Amati sejauh mana alat itu berfungsi. Apa karakteristik alat itu dan berefleksilah mengapa Anda memilih alat tersebut. Anda tentu mempunyai pertimbangan logis dalam memilihnya, walau pun mungkin saja, pertimbangan logis Anda saat itu berbeda dengan apa yang Anda pahami saat ini.

Penelitian atau hasil analisis mungkin saja berkesimpulan bahwa hal ini terjadi karena pertimbangan Anda yang seperti ini. Bukankah penelitian menuntut kejujuran. Bukankah penelitian adalah suatu dinamika yang harus diambil maknanya?

Hidup ini dinamis. Kejadian atau proses belajar di kelas adalah sesuatu yang dinamis dan sangat kompleks. Dia adalah sesuatu yang tak dapat Anda kontrol sepenuhnya.

Sudahlah, cermati betul data Anda. Untuk saat ini tidak usah dulu pakai alat macam-macam. Tidak usah pakai ilmu pskolingusistic atau ilmu sociolinguistik atau framework khusus.

Belakangan, mungkin bisa saja Anda menentukan pada satu pilihan kerangka teori khusus. Beginilah kerja Anda dalam penelitian kualitatif.

Namun kunasehati pula diriku, bahwa Anda memang perlu memperluas wawasan, karena Anda tak mungkin bisa bicara bahwa ada hal baru dari penelitian Anda tanpa tahu apa yang sudah ada? apa yang sudah diperdebatkan orang? apa yang yang telah ditemukan orang? argumen apa yang telah diajukan pada publik.

Kembali saya menyadarkan diri: inilah kerja sebuah penelitian dan karena itu penelitian tak seharusnya membawa kita bersikap sombong . Penelitian akan membawa kita berhenti sejenak atau mundur selangkah atau lebih untuk berpikir dan bertanya: apa, mengapa, lalu bagaimana?

Sunday, March 04, 2012

Siapakah Diriku? Saya hanyalah orang biasa.

Di pagi ini, kutanyai diriku. Kutantang diriku untuk bicara dan menuliskannya. Siapa diriku sebenarnya?
Ternyata jawabannya mudah. Saya hanyalah orang biasa. Saya lahir di kampung dan tumbuh di kampung tanpa suatu keistimewaan. Jadi jangan heran jika suatu ketika melihat saya begitu kampungan.

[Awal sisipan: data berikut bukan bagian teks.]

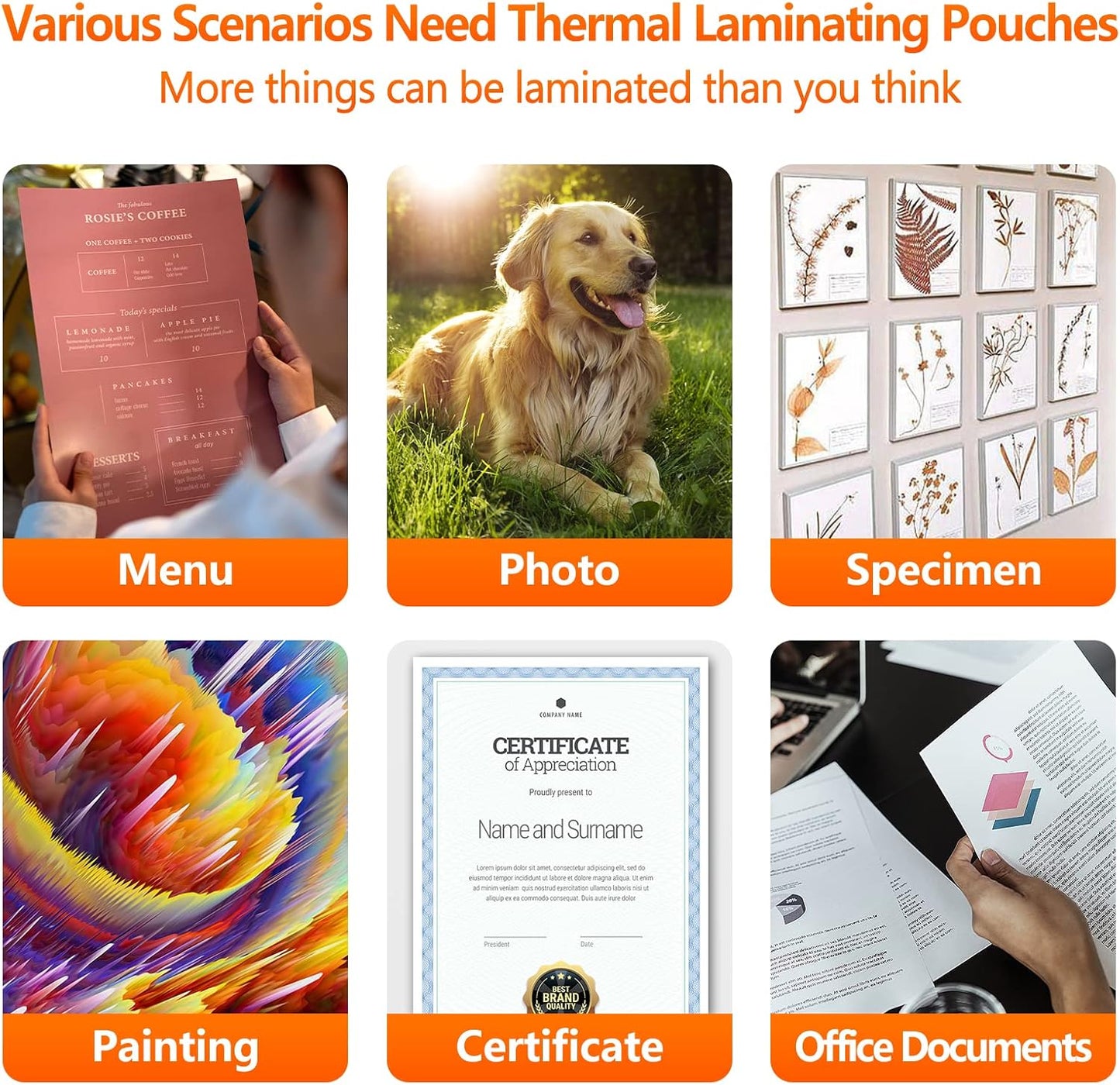 Thermal Laminating Pouches, 9 x 11.5 Inches Laminating Sheets, 3 mil Thick Laminate Sheets, 6000 Pack,Clear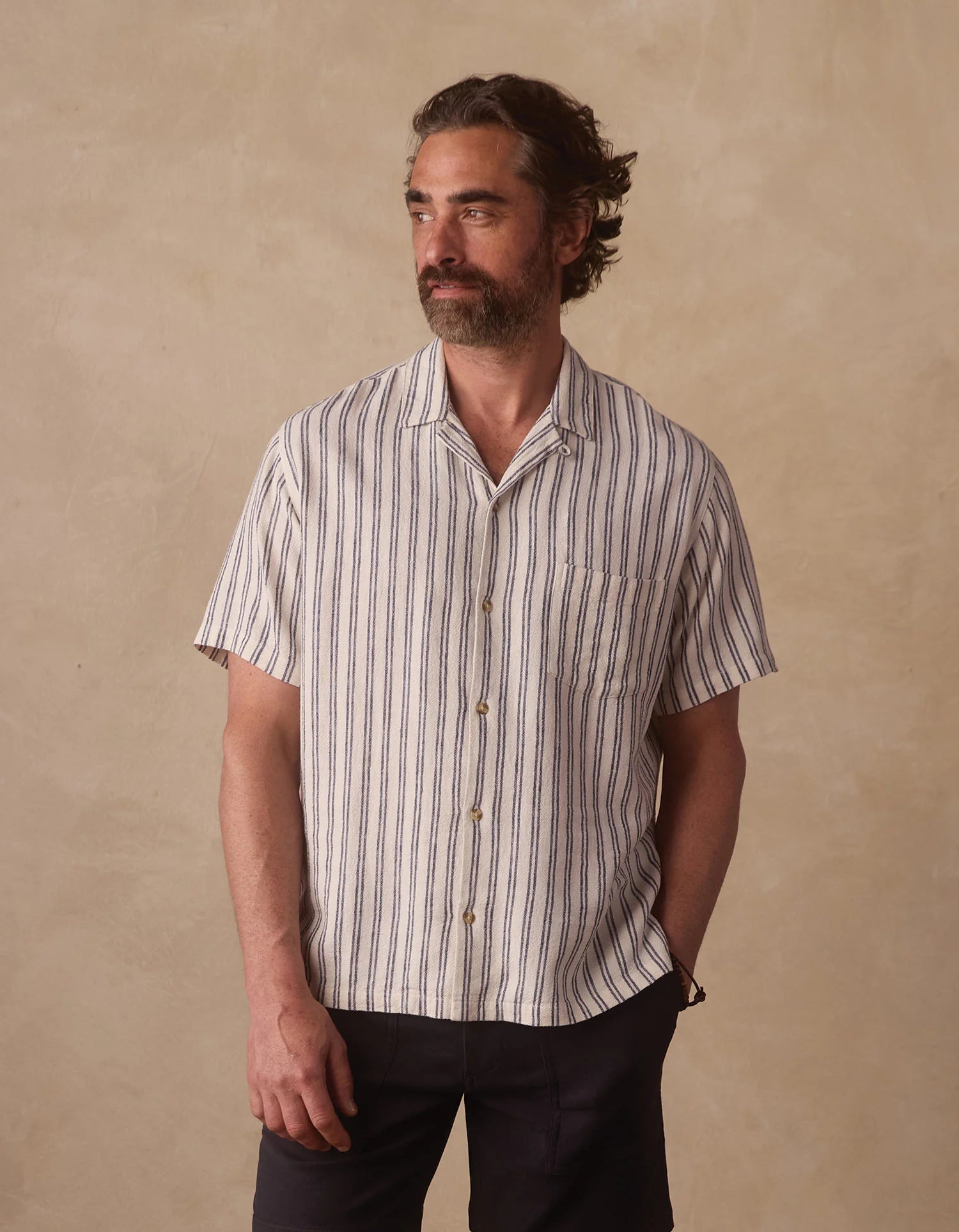 Freshwater Resort Shirt Vintage Blue Stripe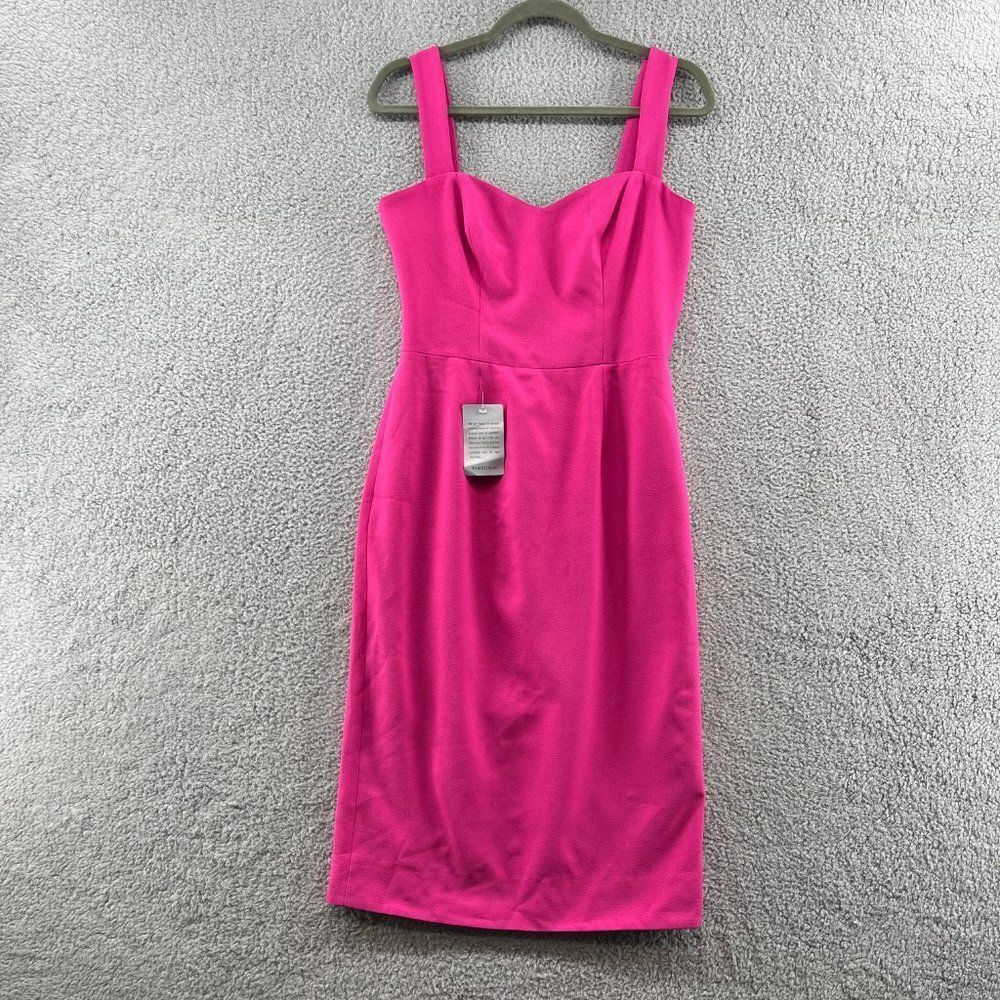 DRESS THE POPULATION Nicole Hot Pink Midi Sweetheart Dress Barbiecore NWT - Picture 2 of 12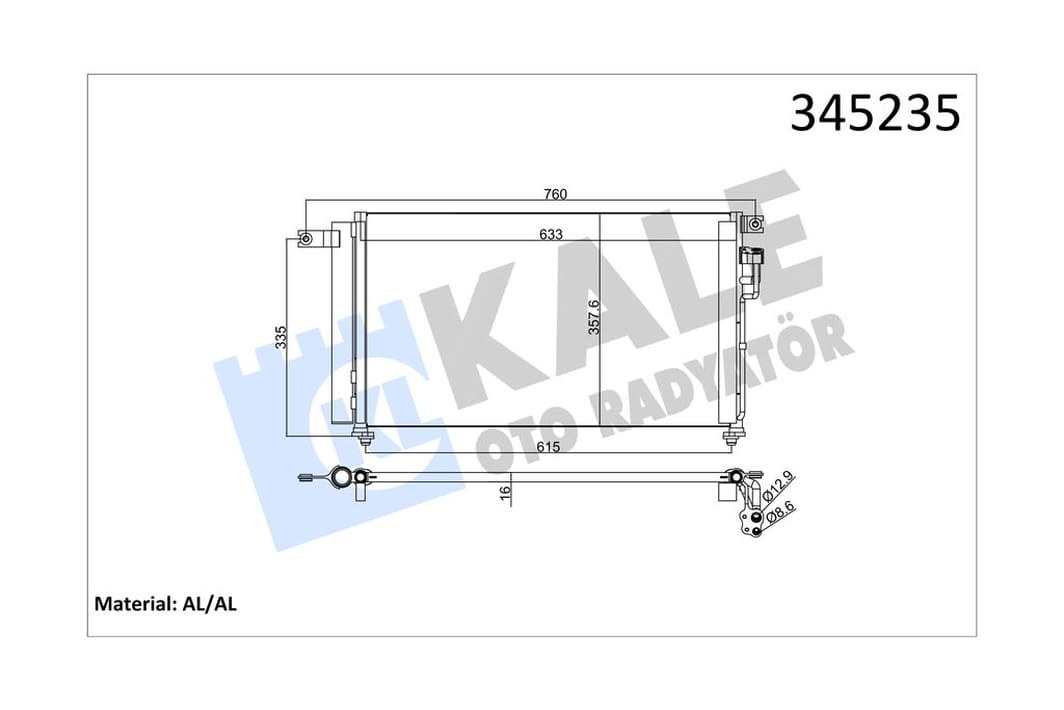 Радиатор кондиционера Kia Rio Ii Condenser (345235) KALE OTO RADYATOR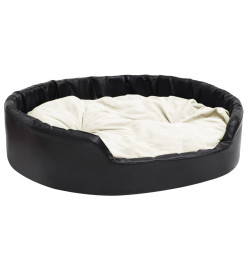 Lit pour chiens Noir et beige 99x89x21 cm Peluche et similicuir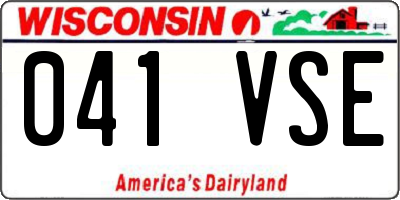 WI license plate 041VSE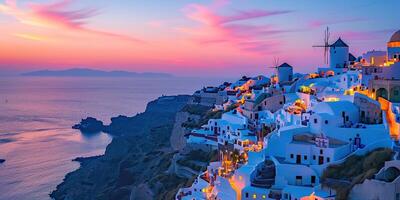 ai gegenereerd Santorini thira eiland in zuidelijk Egeïsch zee, Griekenland zonsondergang. fira en oia stad- met wit huizen met uitzicht kliffen, stranden, en klein eilanden panorama achtergrond behang foto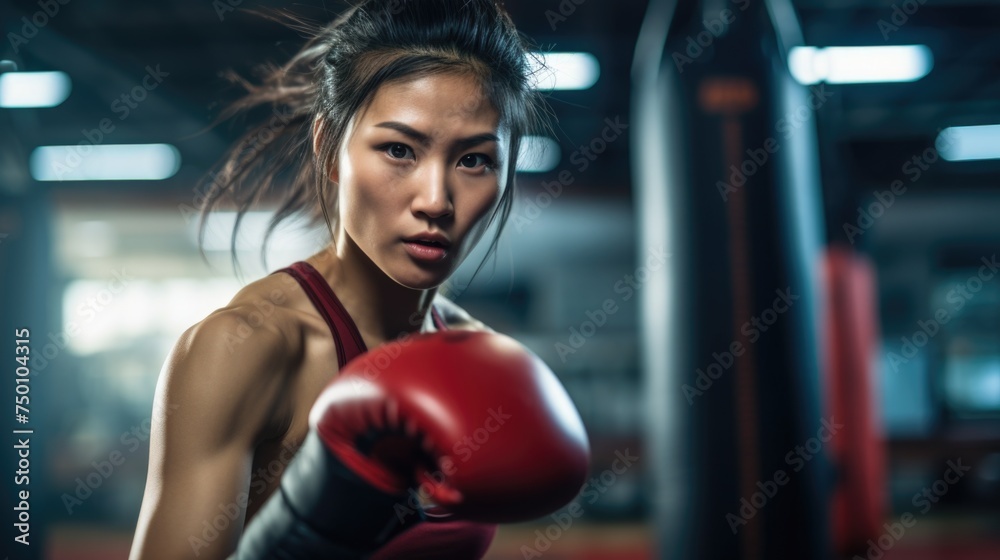 An Asian woman in a gym wearing boxing gloves and preparing for a boxing workout.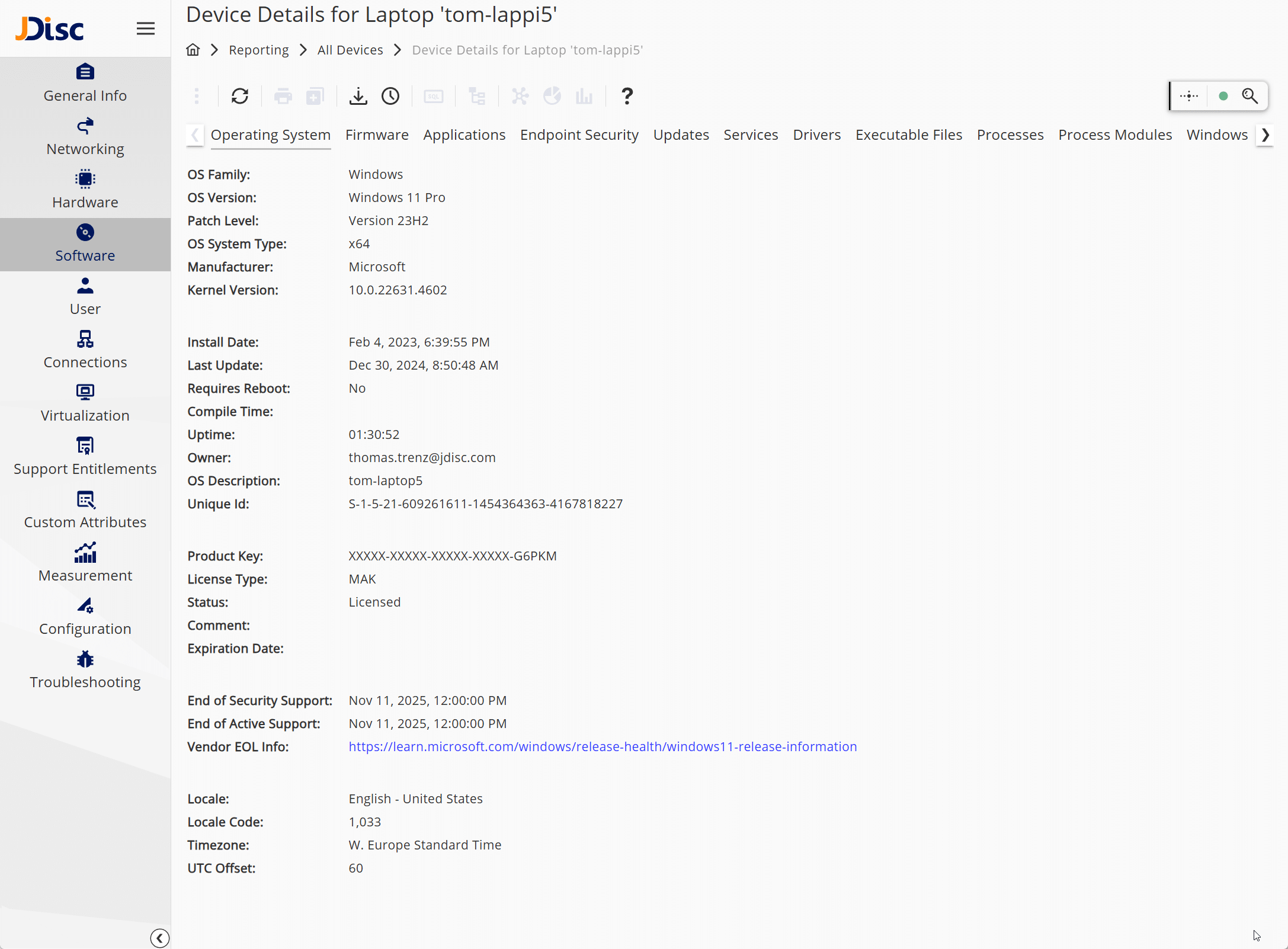 operatingsystem - JDisc Network Discovery operatingsystem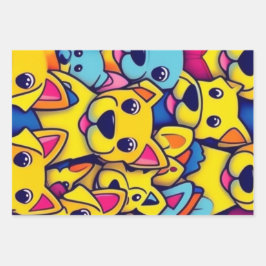 Viele gelbe Hunde Geschenkpapier Set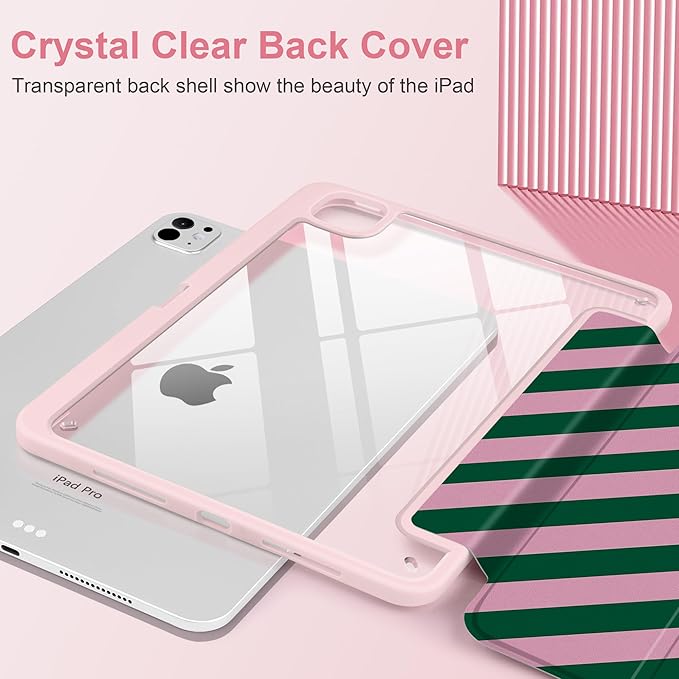 TWOLSKOO Case for iPad Pro 11-inch (M5 2025 / M4 2024), Clear Acrylic Back with TPU Bumper, Pencil Holder, Trifold Stand, Auto Sleep/Wake, Diagonal Stripes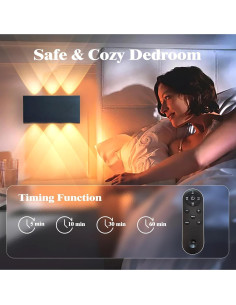 Apliques de Pared LED Recargables Shelprojsu 2 PCS Negro 2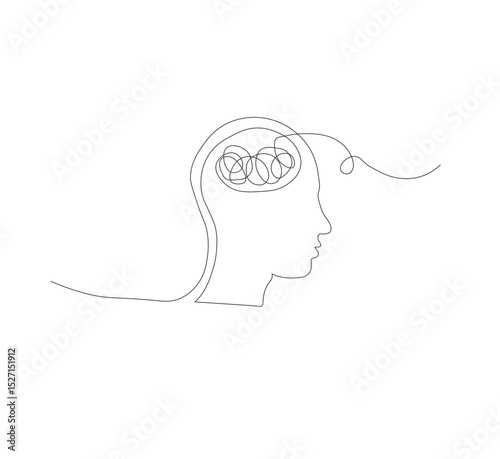 Continuous line drawing of a person with confused feelings about poor mental health. Concept of problems, failures and sadness. Vector illustration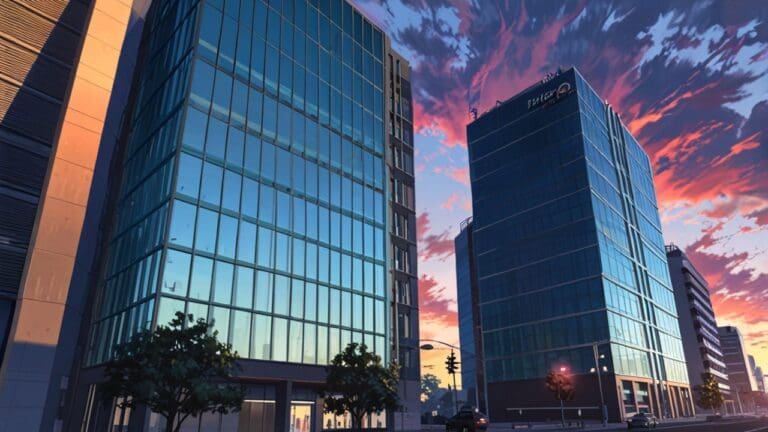 Edificios modernos de oficinas tecnológicas en un entorno urbano al atardecer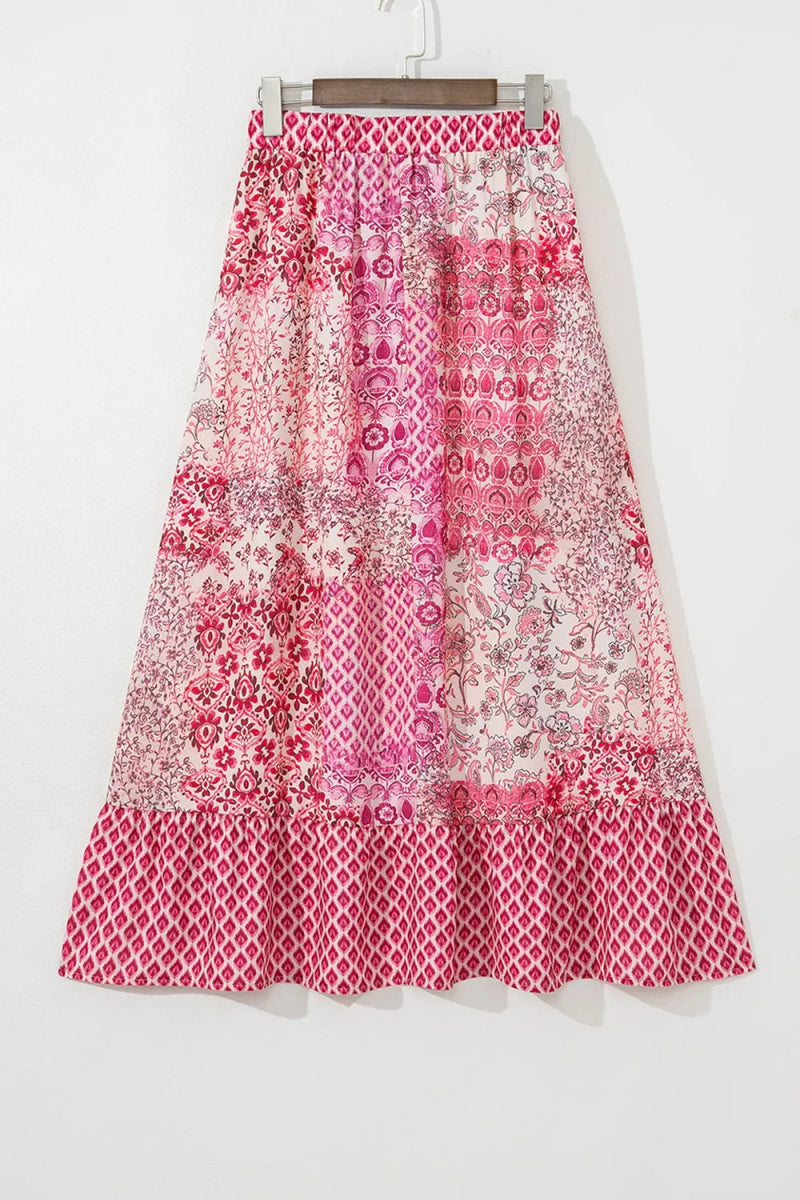 Printed Tassel Drawstring High Waist Maxi Skirt - CELIVINE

Di masa kecil hingga dewasa, keluarga kami hidup di rumah yang sangat sederhana, berlantai tanah, beratap seng dan berdinding tripleks. Ini cukup melindungi kami dari panas dan hujan. Ini lumayan nyaman walau setiap tahun kebanjiran.

Sekali lagi, saya hanya orang biasa. Tak ada keistimewaan. Saya anak ke-5 dari 9 bersaudara. Namun satu kakakku meninggal saat bayi karena kena diary dan tak tertolong jiwanya.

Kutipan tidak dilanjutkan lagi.